First, to examine the tissue-specific expression of each mlgapdh isoform, a quantitative real-time reverse transcription (RT)-PCR assay was conducted with 12 tissues (brain, eye, fin, gill, heart, intestine, kidney, liver, muscle, spleen, ovary, and testis). The tissue samples were obtained surgically from healthy six-month-old individuals (n = 16; mean body weight [BW] = 19.6 ± 4.8 g). Tissue samples from the 16 individuals (eight females and eight males) were subjected to total RNA extraction for the quantitative PCR (qPCR) assays.
Second, to examine the expression patterns of the mlgapdh transcripts in developing embryos and early larvae, the pooled eggs from two females were artificially fertilized with sperm from three males, according to the procedure described by Kim et al. (1994). The fertilized embryos were placed in an incubator at 24 ± 0.5℃ and approximately 300 embryos were sampled at 0 (just after fertilization), 2 (32-cell stage), 4 (early-blastula stage), 6 (early-gastrula stage), 8 (late-gastrula stage), 12 (3-4-myotome stage), 16 (16-17-myotome stage), 20 (23-24-myotome stage), and 24 (tail beating) h post-fertilization (HPF). After hatching (28 HPF; day 0), about 110 larvae were also sampled at 1, 2, 3 and 4 days posthatching (DPH) for RNA preparation. The embryogenesis and early ontogenesis of the mud loach were described in detail by Kim et al. (1987).

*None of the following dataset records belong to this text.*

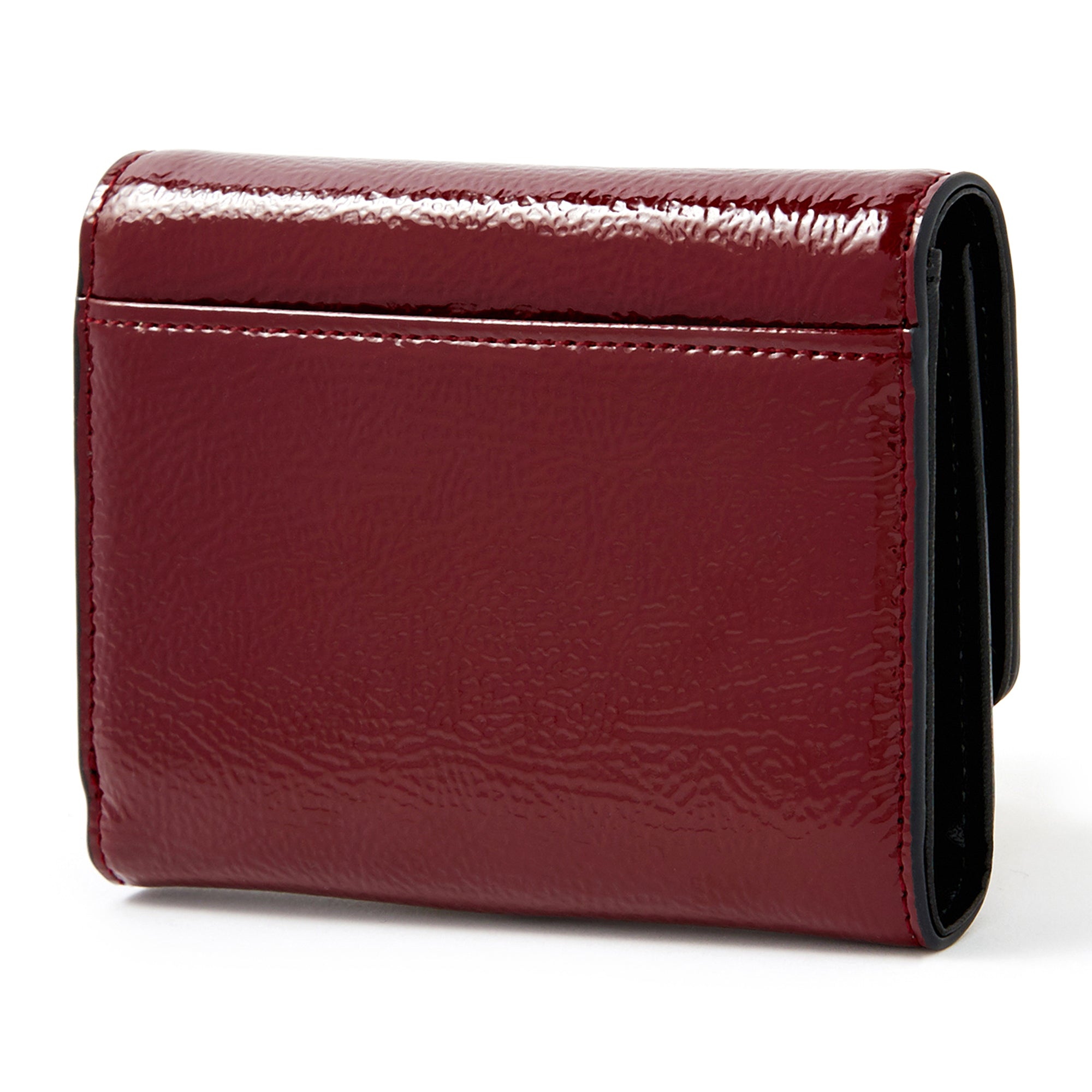 Buy Blue Wallet Hand Bag Online at Best Price at Global Desi- 8905134468479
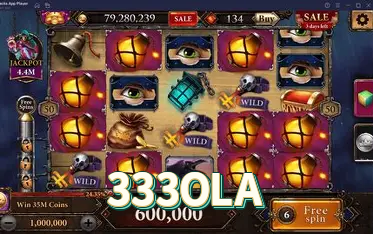 Jogos de Cassino ao Vivo
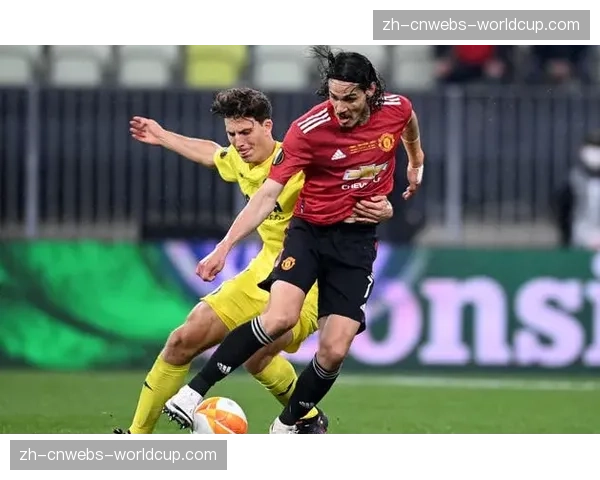 SportVU系统升级:新版本将重点标注球队防守阵型切换的实时数据 SportVU系统升级:新版本将重点标注球队防守阵型切换的实时数据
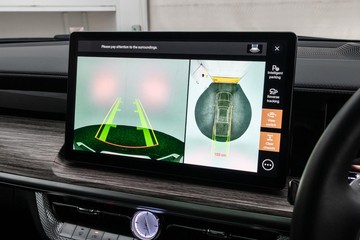 https://dvg-vehicle-assets.s3.amazonaws.com/C5094/79ed76aljc11jfjmu1jd27tqc.jpg
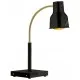 Versatile Heating Lamp N125 Versatile Heating Lamp N125
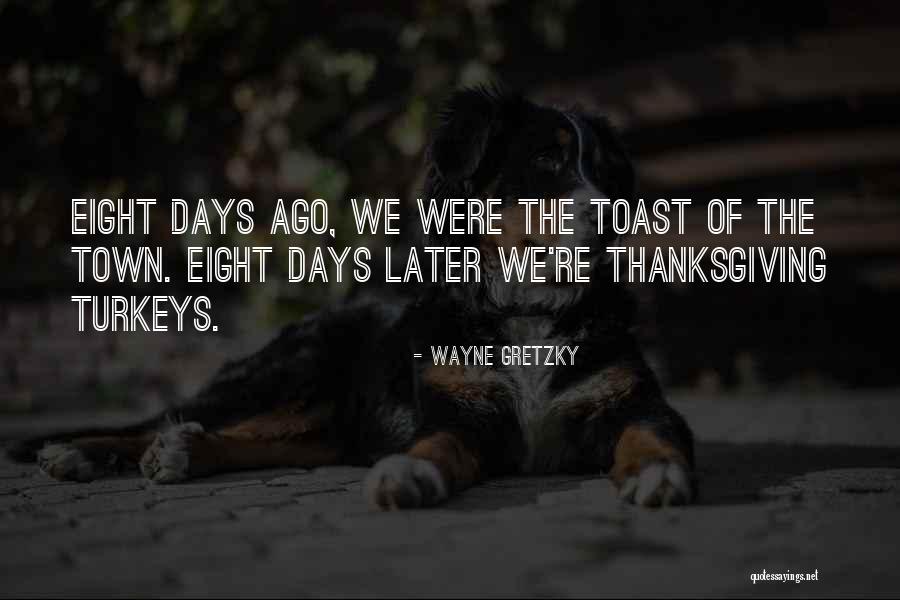 Kattegattleden Quotes By Wayne Gretzky Kattegattleden Quotes By Wayne Gretzky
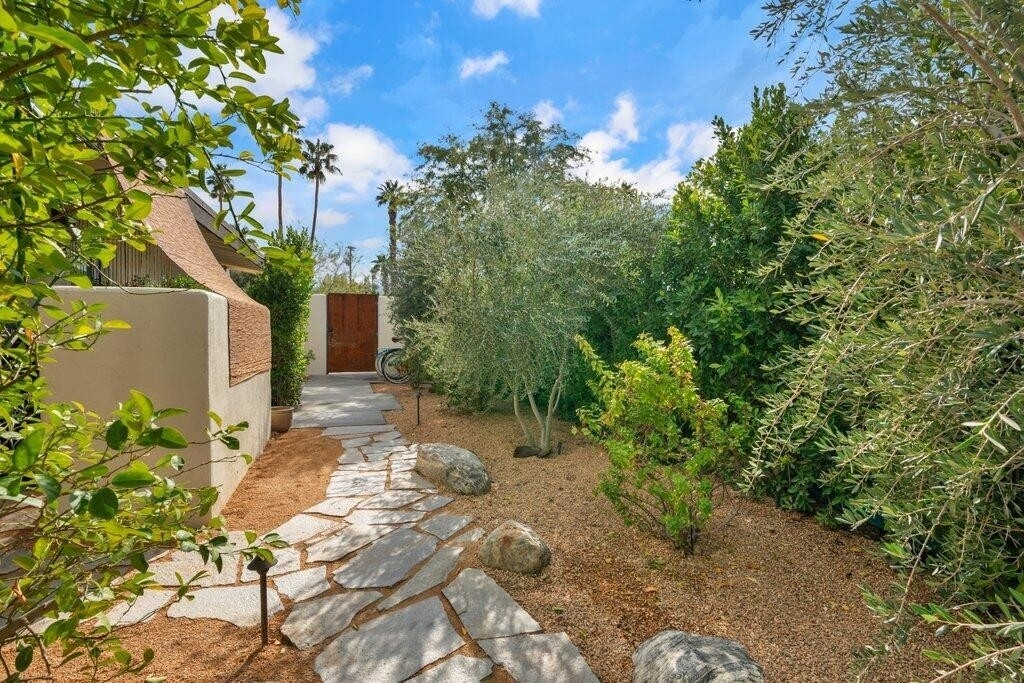 73520 Joshua Tree Street - Photo 44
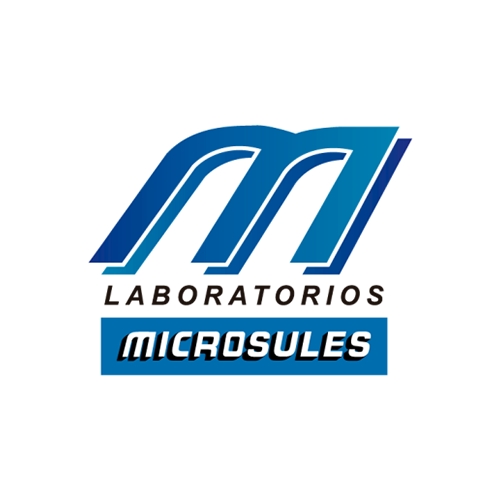 MICROSULES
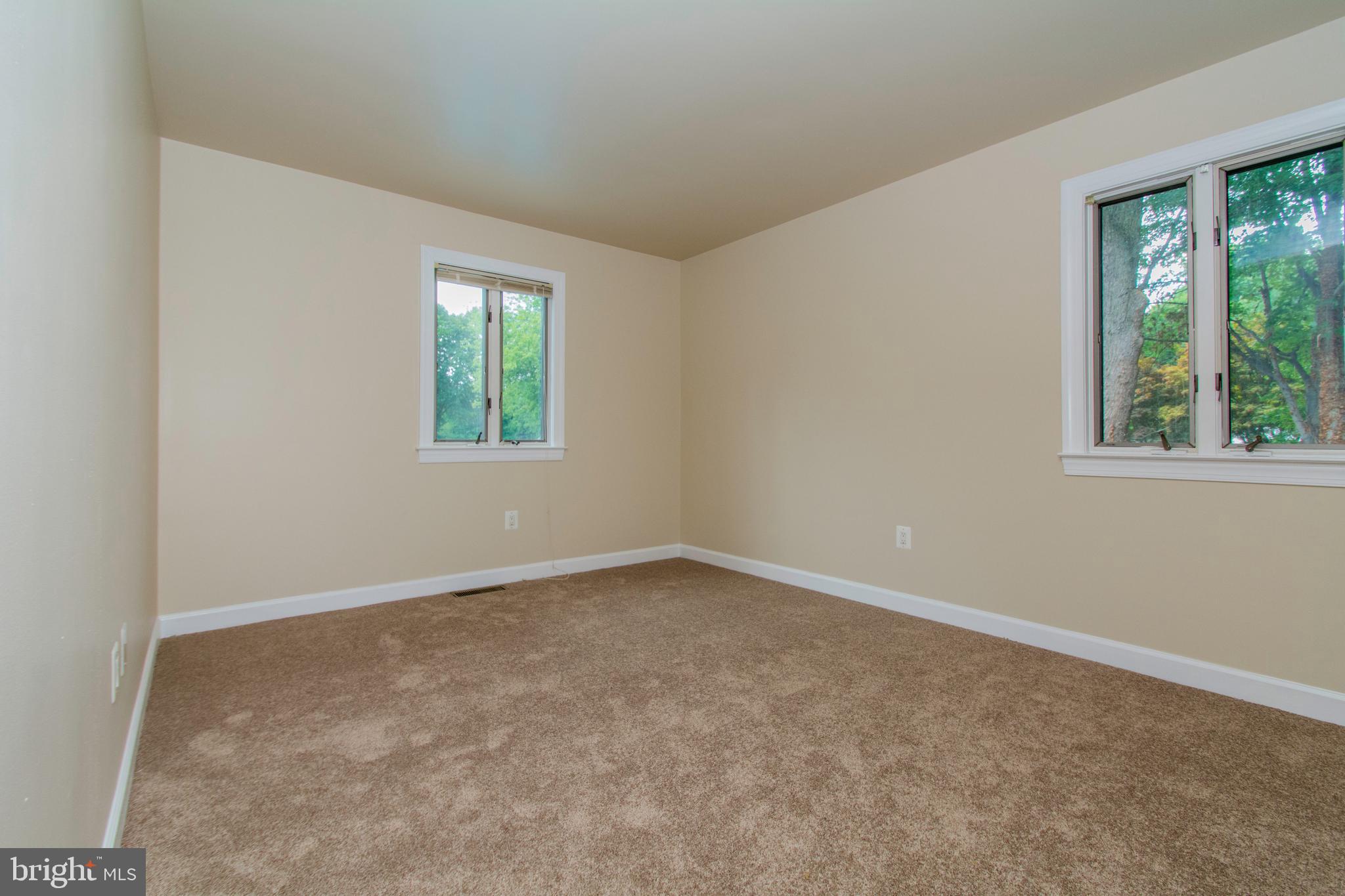 1990 Valley Road Annapolis, MD 21401 - Photo 40 of 74 Gallery Image 40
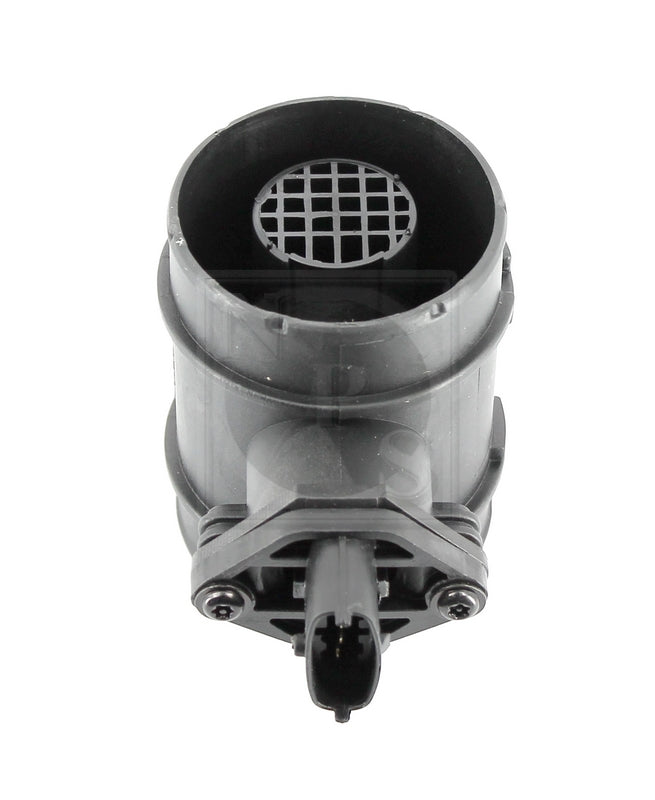 Luftmassenmesser NPS H560I08 (OE 2816427900)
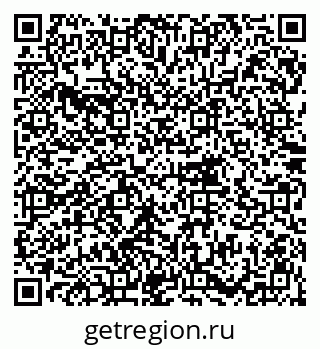 79914781339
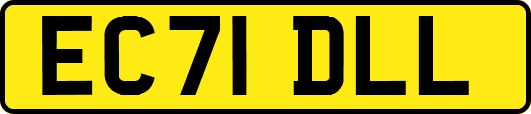 EC71DLL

Third, to examine the potential differential expression of the mud loach gapdh genes in response to endotoxin exposure, we performed LPS (Escherichia coli 0111:B4; Sigma-Aldrich, St Louis, MO, USA) challenge. Six mud loaches (average BW = 16 ± 4 g) were given intraperitoneal injections of LPS (suspended in phosphate-buffered saline [pH 7.4] at a dose of 0, 2, or 5 μg/g BW). The injected fish were transferred to one of three replicate rectangular cages (40 × 60 × 30 cm3 = W × D × H) installed in a large tank (2 × 4 × 1 m3 = W × D × H) containing 500 L of tap water at 25 ± 1.0℃. After 24 h, the liver was removed from each fish and subjected to gene expression assays.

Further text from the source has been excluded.